Rossier is also founder of Des Sons Animés, a 32-channel spatial sound studio where he hosts live 3D spatialised audio streams via his Facebook page, streaming Ableton Live screen and his live performance. Des Sons Animés is among the first private studios in France to use wave field synthesis in live musical applications. The studio is designed to virtualise a wide range of configurations, including object-based, Dolby Atmos, 5.1, 7.1, MPEGH, Ambisonic and Auro-3D. One of his indispensable tools is SPAT Revolution from Flux:: Immersive.
With most venues shut down, Des Sons Animés teamed with promotors BNK to create Capture, a series of livestreamed immersive events performed and recorded in national heritage locations. For one recent Capture event, Rossier’s Des Sons Animés crew installed an 18-channel immersive system at the renowned Grand Palais, where ÉléphantMat presented a live two-hour spatialised performance piece. Des Sons Animés recorded the multitrack audio in object-based format, remixing the soundtrack using binaural encoding with SPAT Revolution. The event was streamed live without an audience.
‘We placed 16 speakers in a circle around me at a diameter of 8m, with two subwoofers outside the circle,’ Rossier explains. ‘Without an audience, we didn’t have to concern ourselves with acoustic treatment for the space, which was far too large to really address. The distance from the speakers provided me with a good level of monitoring and placement.’
Rossier sent sequences from Ableton Live directly to objects within SPAT Revolution. ‘For this project, I knew I wouldn’t have any elevation, since all the speakers were mounted at the same level, so I used a 3D spatial partition, including elevation, which I then monitored in 2D on the Grand Palais set-up. SPAT enabled us to create two mixing streams, one for the studio monitoring and one for the stream’s binaural rendering. Once back in the Des Sons Animés studio, all I had to do was send the recorded session into SPAT, with audio and data in OSC, and use SPAT’s binaural rendering to lay it down to a two-channel mix for the video.’

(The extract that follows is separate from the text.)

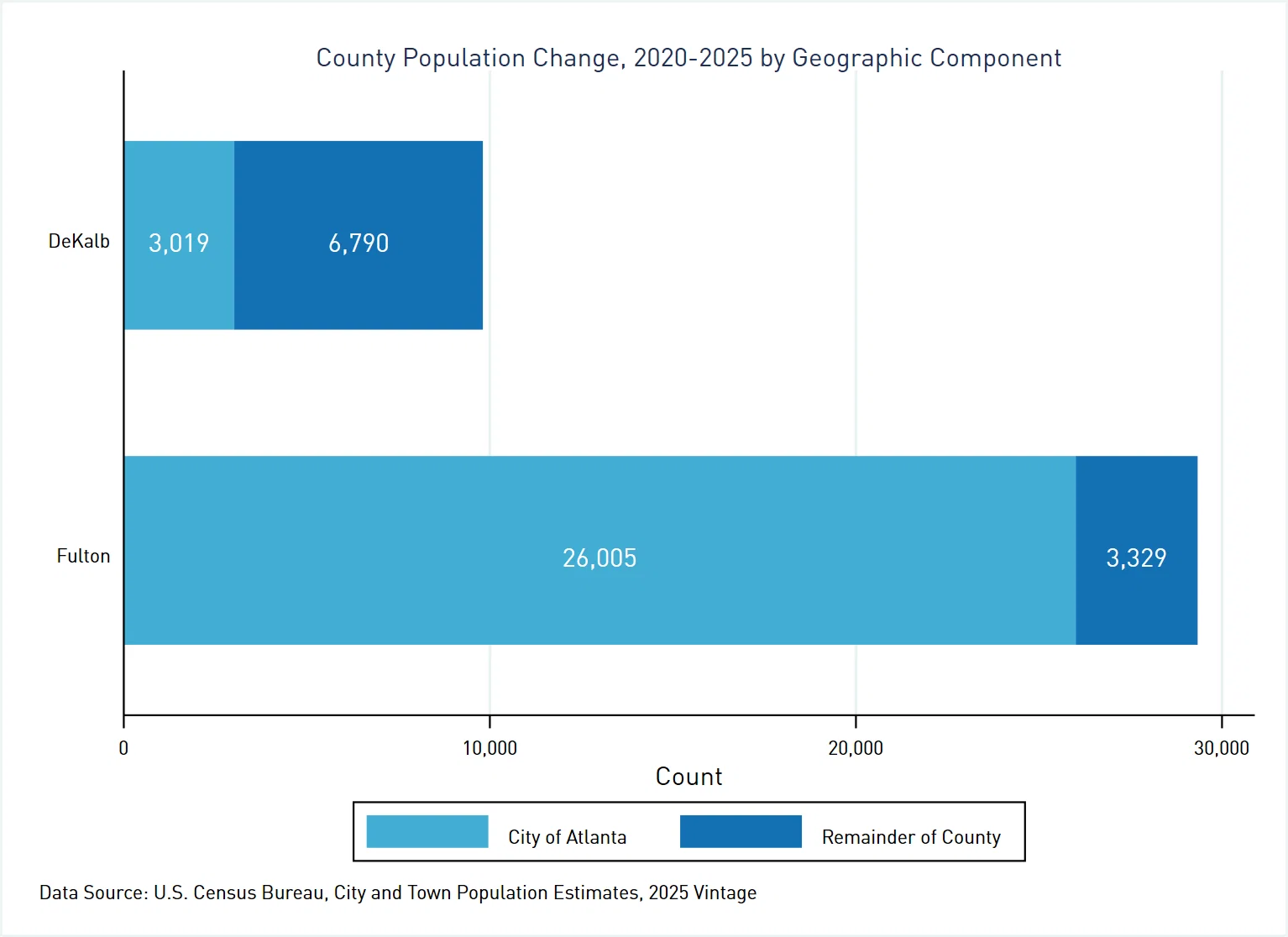 Bar graph comparing the growth between 2020 and 2025 of the portions of the City of Atlanta within Fulton and DeKalb counties to the remainder of the county, according to the Census Bureau's Population Estimates Program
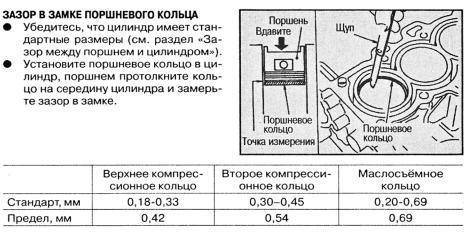 Зазор на поршневых кольцах: промеряем и оцениваем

Long a proponent of immersive audio, Rossier is keen to share the art with others. In addition to his own performances, Des Sons Animé offers residencies to artists looking to integrate 3D audio into their work. ‘For me, working in stereo becomes almost prehistoric once you have composed and mixed in 3D,’ he says. ‘Once you’ve tasted the world of spatialised sound, there is an immediate addiction. One can play with space, depth, and elevation, add life to instruments, animate them with movement and trajectories. The score gains in intelligibility and the creative potential is dramatically increased. It’s crazy – every artist should be able to try this creative approach.’
Rossier points to SPAT Revolution as an indispensable tool in immersive content creation: ‘SPAT is an ideal tool for immersive audio. It responds to every mixing challenge I encounter, and enables me to mix in multiple configurations. For the Grand Palais mix, SPAT allowed me to create a binaural version that was faithful to my score’s spatial intention. I was able to manage each object individually and use all the internal tools to optimise the rendering. The mix breathes, the spatial definition is superb, and the dynamics are precisely preserved. The results were simply wonderful. There is no other tool on the market that can manage this kind of project with this degree of stability and sonic quality.